PROBLEM TO SOLVE:
Copy the line containing "-25% Namron varmefolie", then all lines after it up to and including the final line of the material, exactly and without additions.

THE DATA:
======

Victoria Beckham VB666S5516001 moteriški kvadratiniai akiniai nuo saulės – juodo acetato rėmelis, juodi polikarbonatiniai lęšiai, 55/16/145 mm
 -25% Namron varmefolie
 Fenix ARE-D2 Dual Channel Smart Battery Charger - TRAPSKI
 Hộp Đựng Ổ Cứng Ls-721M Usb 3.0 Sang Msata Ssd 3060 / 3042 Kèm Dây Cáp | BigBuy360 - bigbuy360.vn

======

WRITTEN ANSWER:
 -25% Namron varmefolie
 Fenix ARE-D2 Dual Channel Smart Battery Charger - TRAPSKI
 Hộp Đựng Ổ Cứng Ls-721M Usb 3.0 Sang Msata Ssd 3060 / 3042 Kèm Dây Cáp | BigBuy360 - bigbuy360.vn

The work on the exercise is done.